If you’re familiar with the fellow visually, you’re probably picturing a conspicuous, even kenspeckle, figure with a tweed jacket, flyaway hair, moustache and pipe, stravaiging across the heather with his trusty cromach beating a path before him.
Not a millennial then. Nope. He was born Christopher Murray Grieve on 11 August 1892 and, while it’s tempting to believe him the love-child of McGlashan, from TV comedy Absolutely, and Grigor McWatt –from Annalena McAfee’s wonderfully creative novel Hame – the prosaic truth is that his father was a postman. So he was fated to become a man of letters.
The family lived above the public library (where his mother was a caretaker) in the Dumfriesshire town of Langholm, perilously close to the border with England. It’s said young Christopher took home tomes from that den of literacy upstairs in a clothes basket. Thereby all hope of living a normal life with a useful trade was ended.

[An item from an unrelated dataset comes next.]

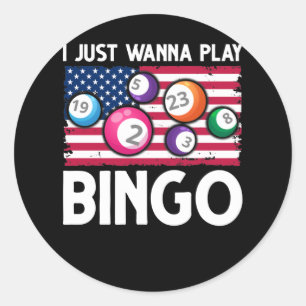 Play Bingo American Flag Funny Bingo Runder Aufkleber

He was educated at Langholm Academy and then Broughton Junior Student Centre, in Edinburgh, which he left in 1911, possibly following some opaque jiggery-pokery involving books and postage stamps being, er, mislaid. Thus qualified, he found work in journalism with the Edinburgh Evening Dispatch before moving to Wales and writing for the socialist Merthyr Pioneer run by fellow Scot and Labour Party founder, Keir Hardie.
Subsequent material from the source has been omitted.